It's not completely obvious what you are trying to do BUT it's almost certainly not safe. You may kill yourself or somebody else.
If you can explain in much more detail and simple words we may be able to help. (Small and simple because language differences mean more complicated words may be misunderstood.)
"Cheater Plugs" = mains power adapters that break the connectivity of the earth circuit, are sometimes used in audio systems to remove ground connections which are causing "hum loops". This is a very dangerous practice which can lead to electric shock.
In the text below "GFCI" = Ground Fault Current Interrupter = device to remove power automatically if even a very small amount of the current is bypassed improperly by eg your finger. If you get a shock then it turns off (almost) instantly. Using GFCIs is a very very good idea.
Lots and lots of references to GFCIs
The following was written with USA installations in mind but also applies in Spain.
(1) Use of Cheater plugs can kill
- ... The cheater plug is also recognized as a safety hazard in laboratory settings. For example, in August 2005, Tarun Mal, an associate professor at Cleveland State University, was electrocuted when he plugged a defective fluorescent lamp into a time switch using a cheater plug. Subsequently, the state of Ohio issued seven citations to the university for unsafe electrical conditions. The Scientist notes that four of the University's seven environmental safety experts agreed that use of the cheater plug "is not uncommon in US university labs". Jim Kaufman, CEO of the Laboratory Safety Institute, says, "When you inspect labs, it's not unusual to find anywhere from one to seven that way."
(2) Alternatives - only one is safe:
There are several alternatives for connecting newer appliances to two-prong receptacles without rewiring the building: removing the grounding pin of the plug, replacing the receptacle with a three-prong outlet, or replacing the receptacle with a GFCI; only the last (GFCI) is safe.

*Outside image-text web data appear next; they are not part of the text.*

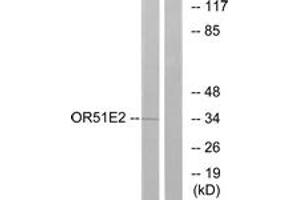 Western blot analysis of extracts from Jurkat cells, using OR51E2 Antibody.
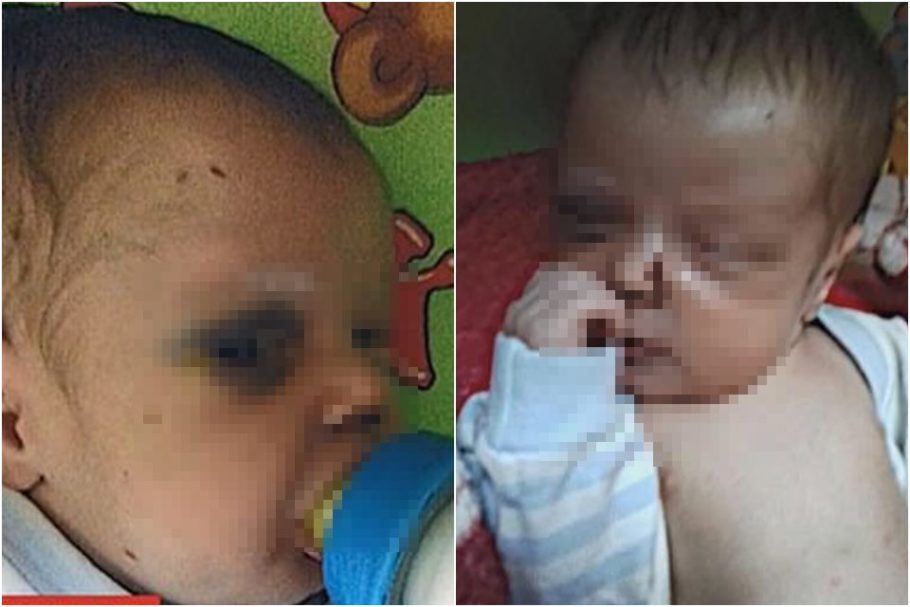 Bebê foi encontrado sozinho com olho roxo e diversos hematomas pelo corpo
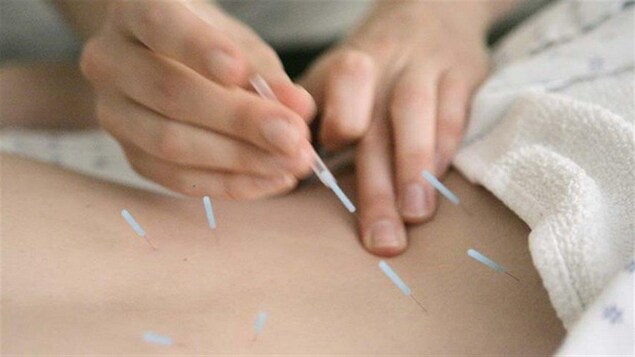 Un traitement d'acupuncture.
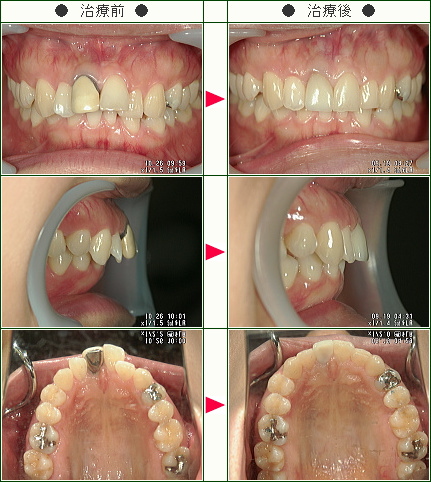 出っ歯矯正症例(Ｔ．Ｓ様　２９歳　女性)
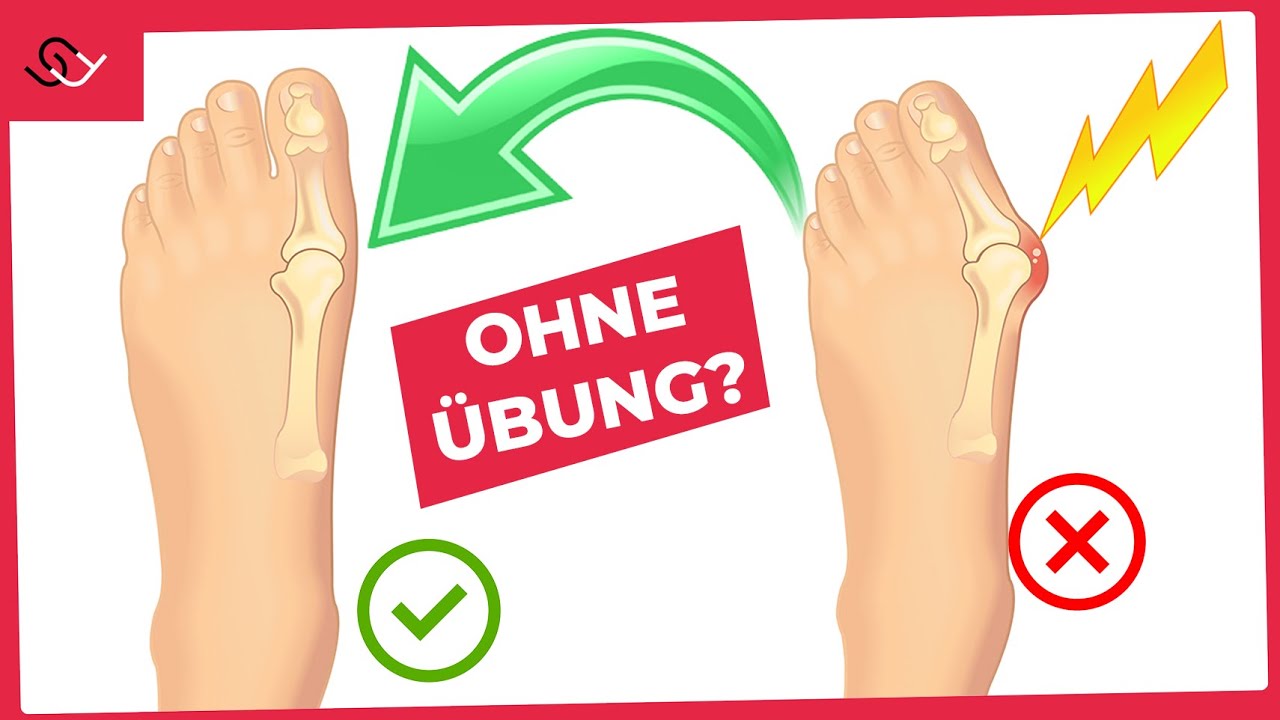 Hallux Valgus und Fußschmerzen los werden - ohne Übung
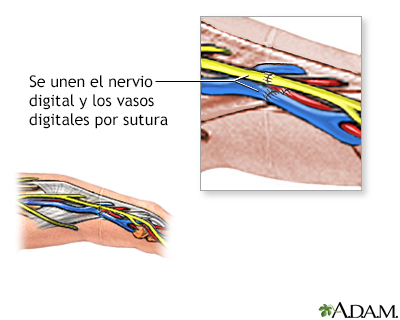 Procedimiento (segunda parte)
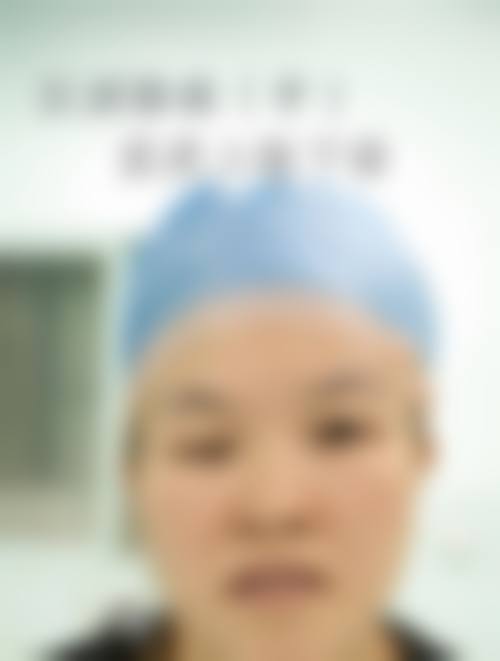 临床实例分享:真实反馈见证疗效● 典型斜弱视修复故事● 眼底病早期干预成果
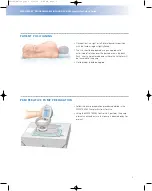 Preview for 5 page of Johnson & Johnson Codman MedStream Surgical Technique Manual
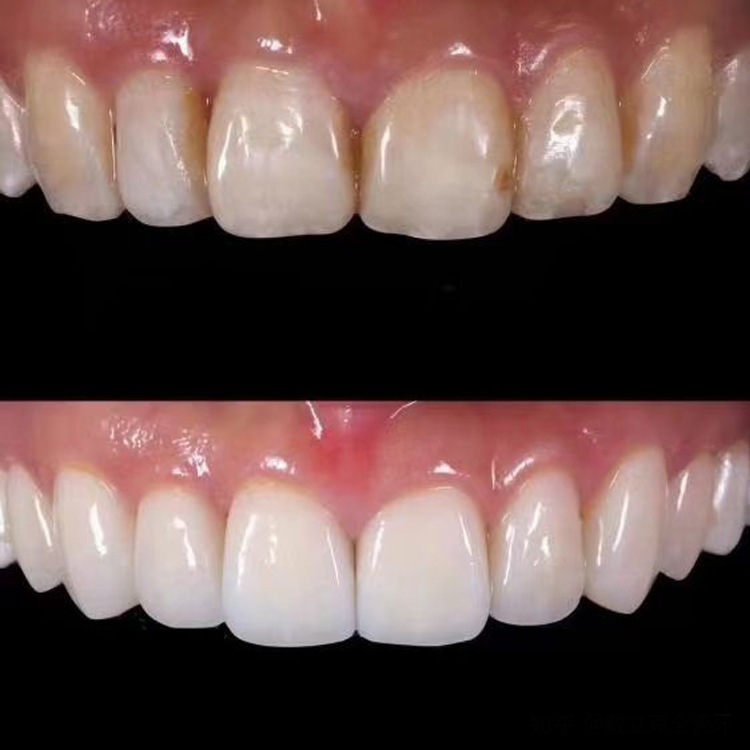 Parche de cerámica sin metal Eyingjia Denberg porcelana azul ámbar Lingxi porcelana hecha a mano sin moler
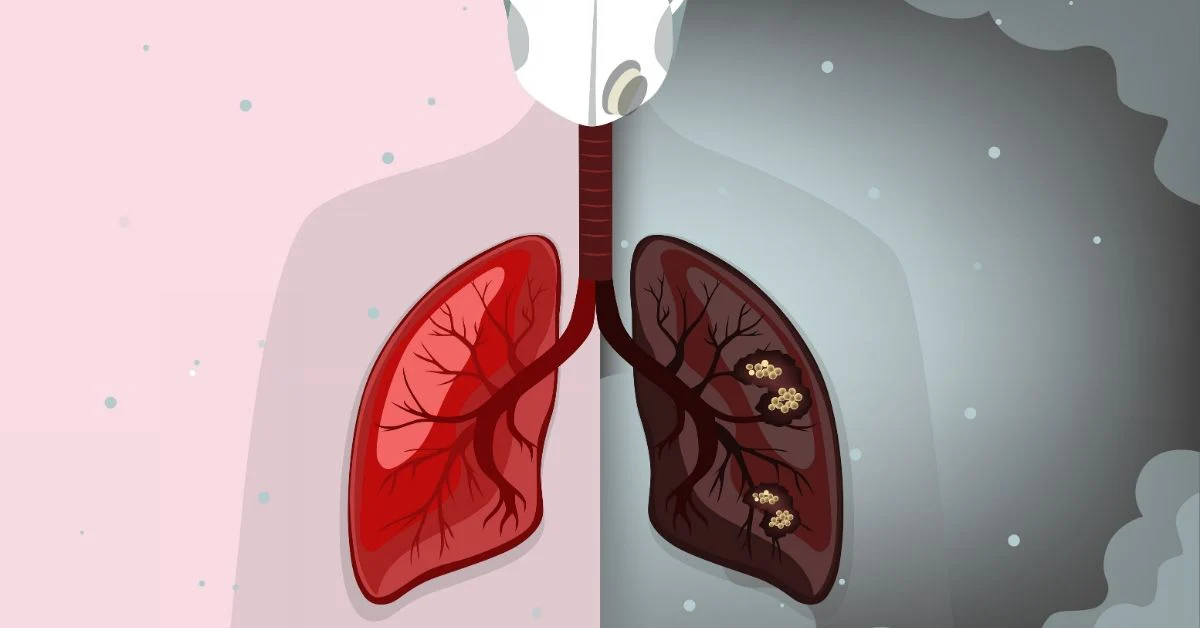 آلودگی هوا و آزمایش خون : نشانه‌های آلودگی هوا در بدن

- Removing the grounding pin of the appliance’s plug is unsafe, and leaves the appliance without proper grounding even when relocated and plugged into a properly grounded three-prong receptacle.

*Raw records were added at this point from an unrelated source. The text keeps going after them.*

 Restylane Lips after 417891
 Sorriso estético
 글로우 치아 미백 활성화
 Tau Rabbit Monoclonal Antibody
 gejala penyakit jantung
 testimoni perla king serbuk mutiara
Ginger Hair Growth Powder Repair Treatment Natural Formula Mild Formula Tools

2 Additionally, since most NEMA 5-15P plugs have both current-carrying prongs the same width and rely on the ground pin for correct orientation, removing it allows insertion of the plug with hot and neutral wires reversed, creating an additional hazard.
Replacing the receptacle with the three-prong type and leaving the ground screw unconnected is just as unsafe as using a cheater plug, but has the additional disadvantage that subsequent users of the outlet may not be aware that it is not properly grounded. However, if the ground screw of the receptacle is connected to the neutral side, electric shock is possible even if the appliance is properly functioning. This is called a "false" or "bootleg" ground and is a serious safety hazard often undetected by common receptacle testers.
Replacing the receptacle with a GFCI receptacle is the safest alternative. If a GFCI receptacle is properly functioning, then it will shut off the power to a faulty appliance to prevent electric shock. As a safe option that protects all appliances plugged into that receptacle, the National Electrical Code permits such replacement if the installer marks the GFCI as having "No Equipment Ground".